» **What the exercise asks**
Please write out exactly the lines from the opening of the listing through the line that holds "Чорний Хендай Туксон, об'ємом", including both, and nothing else; no pictures.
---
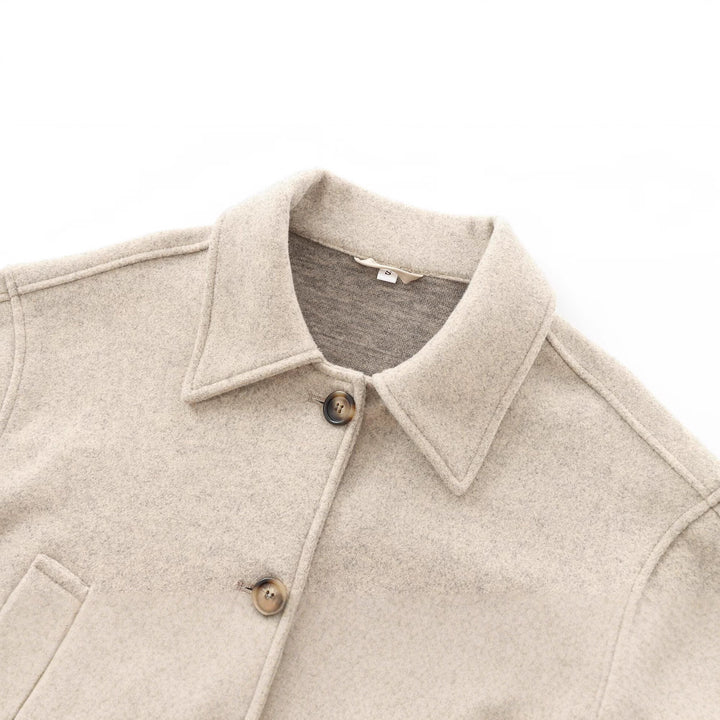 Ladies short-cut wool blend boxy jacket with dropped shoulders and flap pockets Mune Fashion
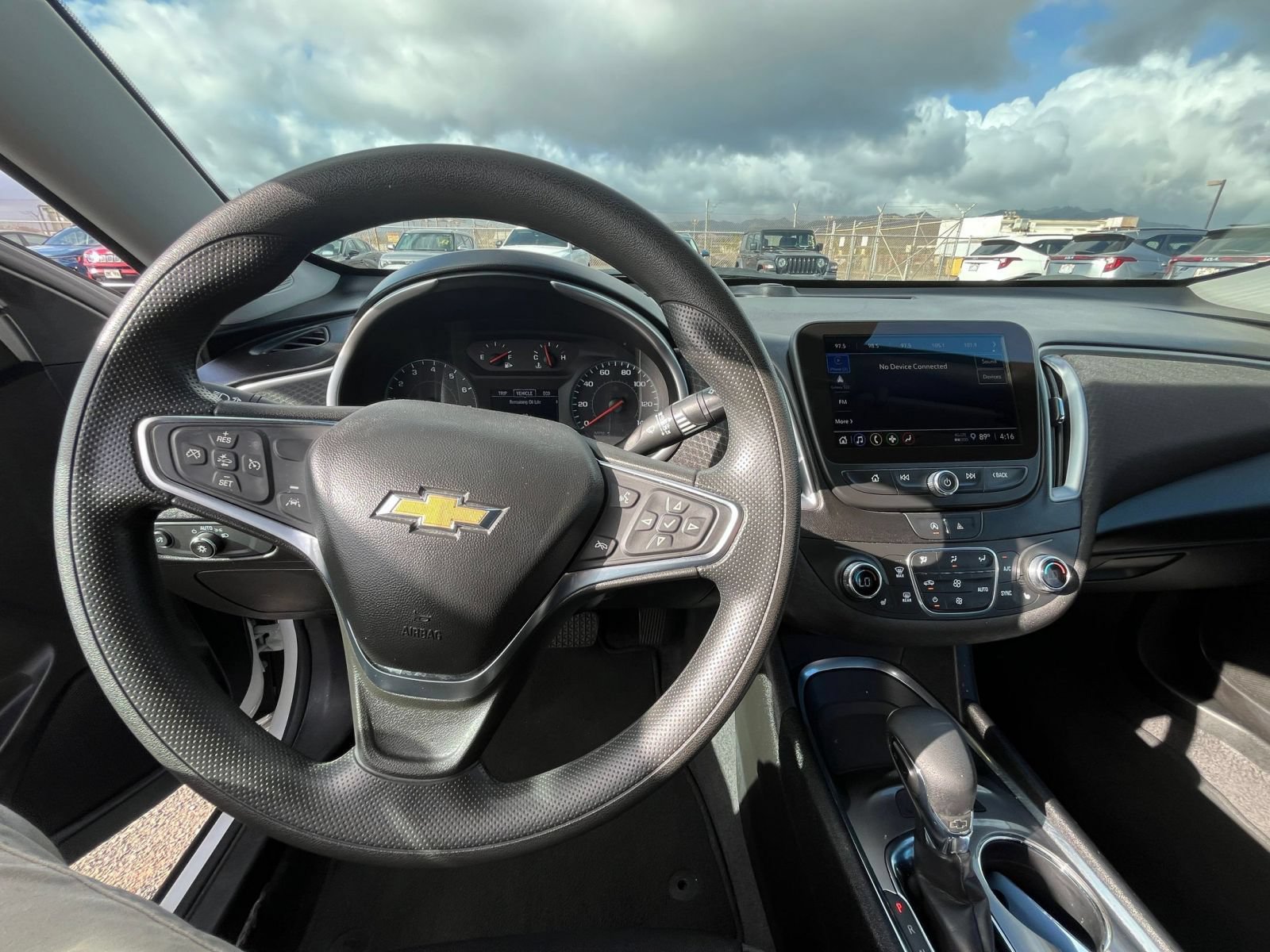 Used 2024 Chevrolet Malibu LT FWD image 35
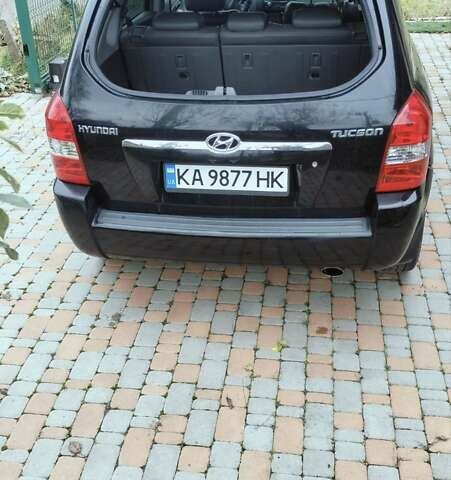 Чорний Хендай Туксон, об'ємом двигуна 1.98 л та пробігом 213 тис. км за 7500 $, фото 5 на Automoto.ua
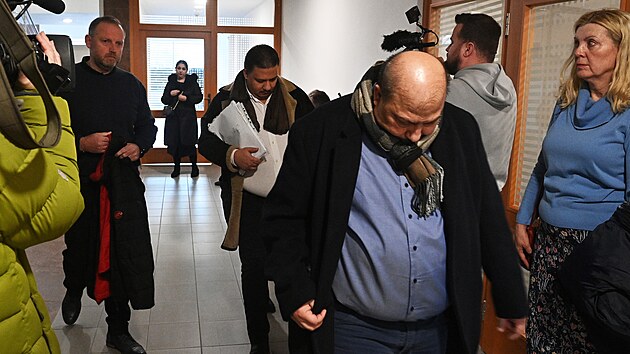 ��st ob�alovan�ch v kauze machinac� s hav��ovsk�mi m�stsk�mi byty na Okresn�m soudu v Hav��ov�. Padly podm�nky a pen�it� tresty. (19. ledna 2026)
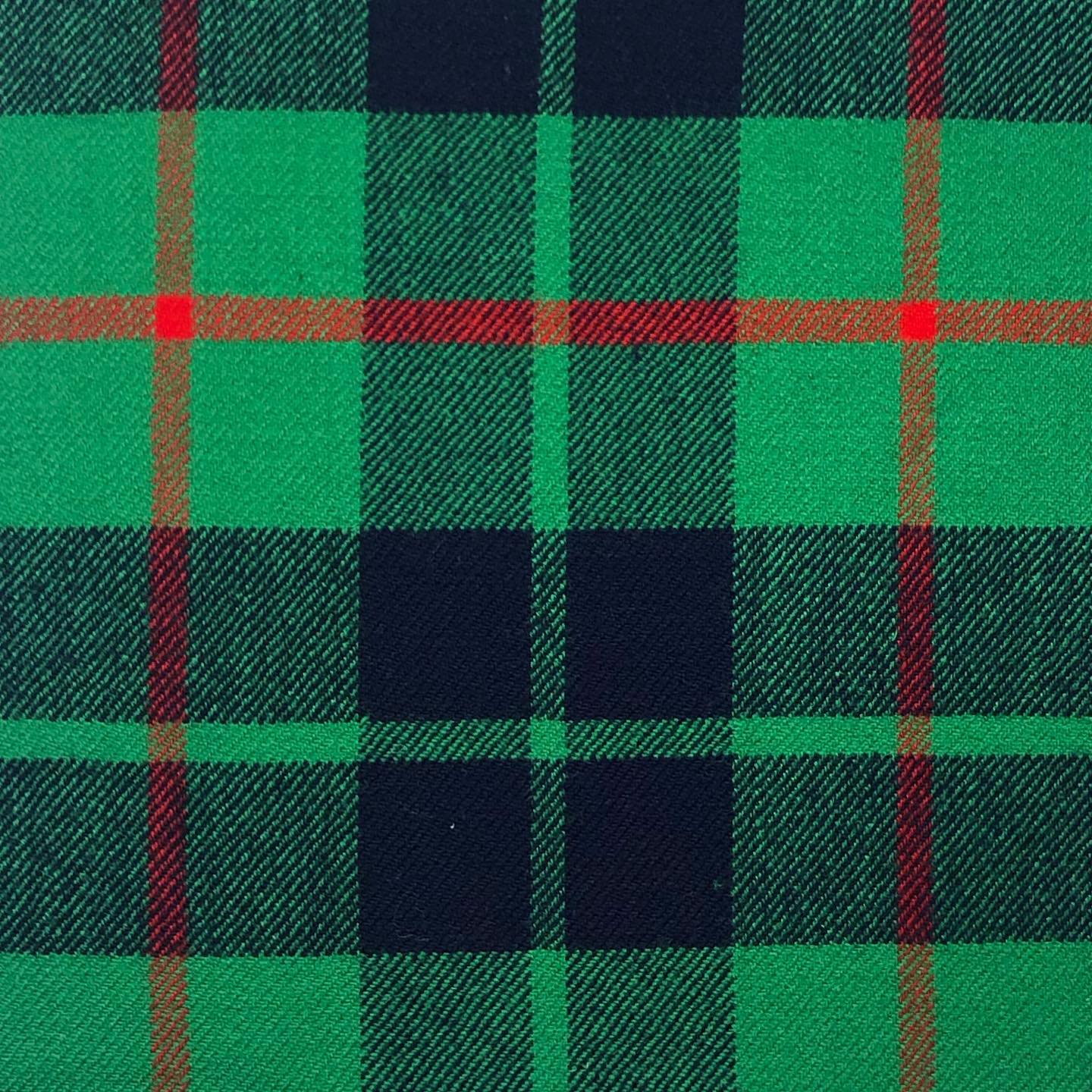 日本服飾文化振興財団 - 「CLAN TARTANS OF SCOTLAND」No.I-III スコットランドに発祥し、伝統と歴史を誇るクラン ...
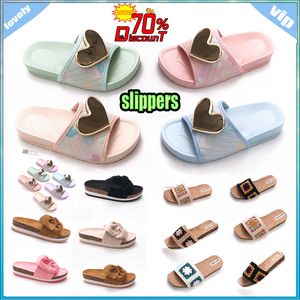 Designer Casual Platform anti-collision headband Slides Slippers Men wear resistant anti soft soles sandals Flat Summer Beach Slipper Size 36-40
---
» **Written reply**
 Ladies short-cut wool blend boxy jacket with dropped shoulders and flap pockets Mune Fashion
 Used 2024 Chevrolet Malibu LT FWD image 35
 Чорний Хендай Туксон, об'ємом двигуна 1.98 л та пробігом 213 тис. км за 7500 $, фото 5 на Automoto.ua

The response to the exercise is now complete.